The society’s members selected the vertically-oriented bill out of 15 potential options released by governments across the world in 2018.

The competition came from Mexico’s 500-peso note, Russia’s 100-ruble note, Norway’s 500-kroner note and China’s 50-yuan note, among many others.

The $10 bill, which prominently features Viola Desmond — a Nova Scotia civil rights pioneer and businesswoman — went into circulation in November.

Desmond, who fought for racial equality, is the first Canadian woman to appear on a regularly circulating banknote.

A release from the IBNS says that the bill dominated the voting almost from the start, with the organization stressing the bill’s new vertical orientation and purple colour as its most striking features.

Desmond was selected to be on the bill after an open call for nominations and a public opinion survey on the Bank of Canada website.

Behind Desmond’s portrait, the banknote also shows a map of Halifax’s historic north end, home to one of Canada’s oldest black communities and the area where Desmond grew up.

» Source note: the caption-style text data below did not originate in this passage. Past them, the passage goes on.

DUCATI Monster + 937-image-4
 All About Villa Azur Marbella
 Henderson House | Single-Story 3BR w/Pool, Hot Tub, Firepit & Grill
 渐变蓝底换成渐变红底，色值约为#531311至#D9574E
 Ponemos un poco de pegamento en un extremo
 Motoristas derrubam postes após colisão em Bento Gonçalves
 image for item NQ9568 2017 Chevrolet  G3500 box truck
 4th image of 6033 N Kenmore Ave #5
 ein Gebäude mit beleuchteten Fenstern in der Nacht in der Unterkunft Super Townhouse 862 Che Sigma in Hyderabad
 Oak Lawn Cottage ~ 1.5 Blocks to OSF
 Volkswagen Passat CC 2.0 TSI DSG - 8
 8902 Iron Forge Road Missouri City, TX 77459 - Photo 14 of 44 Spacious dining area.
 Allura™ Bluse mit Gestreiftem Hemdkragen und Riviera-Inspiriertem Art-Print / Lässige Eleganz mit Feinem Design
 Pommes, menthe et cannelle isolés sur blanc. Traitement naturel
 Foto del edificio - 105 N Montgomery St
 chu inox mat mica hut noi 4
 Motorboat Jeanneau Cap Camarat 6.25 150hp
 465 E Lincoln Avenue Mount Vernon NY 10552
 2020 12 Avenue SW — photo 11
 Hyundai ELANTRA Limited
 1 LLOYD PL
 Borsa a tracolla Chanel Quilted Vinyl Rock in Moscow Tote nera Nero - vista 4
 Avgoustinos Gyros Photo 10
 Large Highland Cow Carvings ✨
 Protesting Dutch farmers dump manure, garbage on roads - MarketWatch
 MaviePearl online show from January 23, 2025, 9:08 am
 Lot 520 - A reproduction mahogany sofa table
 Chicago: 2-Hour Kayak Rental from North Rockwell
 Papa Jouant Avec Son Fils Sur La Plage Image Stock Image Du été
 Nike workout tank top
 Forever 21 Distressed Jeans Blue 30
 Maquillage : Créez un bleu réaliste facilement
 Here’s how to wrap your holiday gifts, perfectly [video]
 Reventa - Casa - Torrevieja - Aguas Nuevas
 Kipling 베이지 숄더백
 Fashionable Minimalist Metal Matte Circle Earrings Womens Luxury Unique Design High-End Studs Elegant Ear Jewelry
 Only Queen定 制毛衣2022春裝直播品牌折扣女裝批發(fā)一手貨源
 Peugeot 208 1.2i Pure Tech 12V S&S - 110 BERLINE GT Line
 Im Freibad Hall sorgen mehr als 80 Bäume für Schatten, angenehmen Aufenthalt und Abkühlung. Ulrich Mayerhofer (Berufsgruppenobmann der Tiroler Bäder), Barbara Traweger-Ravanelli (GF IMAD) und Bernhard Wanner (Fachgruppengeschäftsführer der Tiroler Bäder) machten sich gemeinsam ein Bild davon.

On Nov. 8, 1946, Desmond was arrested after refusing to leave a whites-only section of the Roseland Theatre in New Glasgow, N.S., in an incident that has since become one of the most high-profile cases of racial discrimination in Canadian history.

It would take 63 years for Nova Scotia to issue Desmond a posthumous apology and pardon.

The bill’s reverse features the Canadian Museum for Human Rights in Winnipeg.